For decades, even centuries, Scots have been at the heart of this economic presence, as Chancellors of the Exchequer (Gordon Brown, Alastair Darling under Labour, Norman Lamont under the Tories) or as Prime Minister (Brown again, Tony Blair – even David Cameron has Scottish roots). They also helped to build and maintain the Empire.

So instead of a seat at this high global table, Scotland seeks to become… what? The new Slovakia (population 5.4 million, average income $24,000)? It’s an instructive parallel. Slovakia became independent of the Czech Republic in 1993 because the Czechs wanted rid of their poorer partner under the forced communist marriage of Czechoslovakia. The SNP, by contrast, is under the illusion that Scotland would emerge a wealthier nation than it is today by ditching its richer partner. The logic is perverse.

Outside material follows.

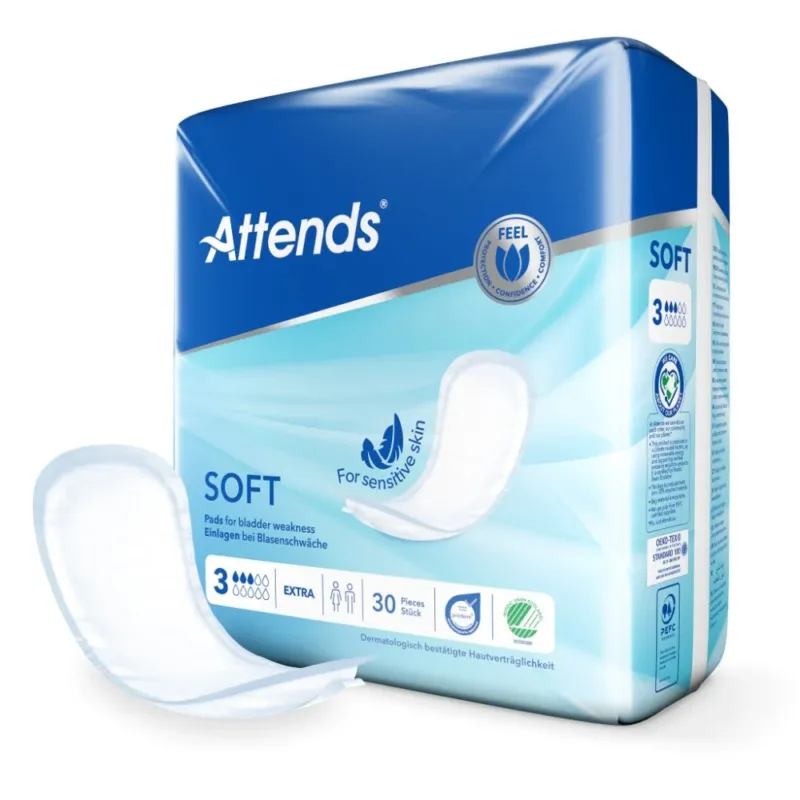 Produktbild der Attends Soft 3 Extra Einlagen im 30er Pack. Die Verpackung zeigt eine weiße, gut strukturierte und ansprechende Grafik mit dem Produktnamen und den wichtigsten Eigenschaften in klarer Schrift. Im Hintergrund ist ein sanftes, helles Farbmuster, das die Pflege und den Komfort der Einlagen symbolisiert. Die Einlagen selbst sind hygienisch verpackt, um ihre Qualität zu gewährleisten. Ideal für den täglichen Gebrauch, bieten sie hohe Saugfähigkeit und Sicherheit.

At least Slovakia is part of the European Union, with all the benefits that brings. An independent Scotland could not guarantee that its citizens would be able to live and work in the rest of the UK.

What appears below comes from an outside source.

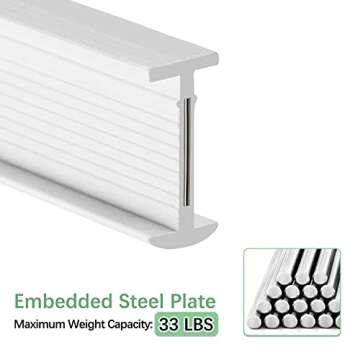 Refrze Flexible Curtain Track, Curved Ceiling Mount, Room Divider, RV, Bay Windows (8ft, White, PVC, Steel, 33 LBS)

5 Lack of natural resources

Once the oil runs out, what does Scotland have that will sustain its fabulously wealthy future? It has whisky, but even with this contribution of £3 billion ($4.8 billion) across the economy, as estimated by the Scotch Whisky Association, it’s small beer. The ability to attract major industries – manufacturing, IT, finance – to the country would be diminished by independence, for all the reasons listed above.

The insurer Standard Life has already warned that it could relocate its headquarters in the event of a Yes vote for independence, endangering 5,000 Scottish jobs. Many more companies are doubtless thinking along the same lines.

I once asked a politician who represented the Western Isles of Scotland why people living in these remote and hostile places should receive subsidies. ‘To keep a diversity of culture,’ he replied. You could say the same of Scotland as a whole. The rest of the UK is content to subsidise this rich and ancient culture. But take away that subsidy and there would likely be massive depopulation. ‘Go to Scotland and there’s nobody there,’ as the country’s best-known comic Billy Connolly succinctly put it.

All these arguments pale into nothing for nationalists, whose blood is up and who scent a kind of revenge on the English for centuries of (as they see it) domination and exploitation. They’re determined to cut off their nose to spite their face.

* * * * *

As a Scot, a yes vote at independence would feel like my parents divorcing. As an economist, it would feel like a regressive, small-minded, self-inflicted act of exile from the 21st century.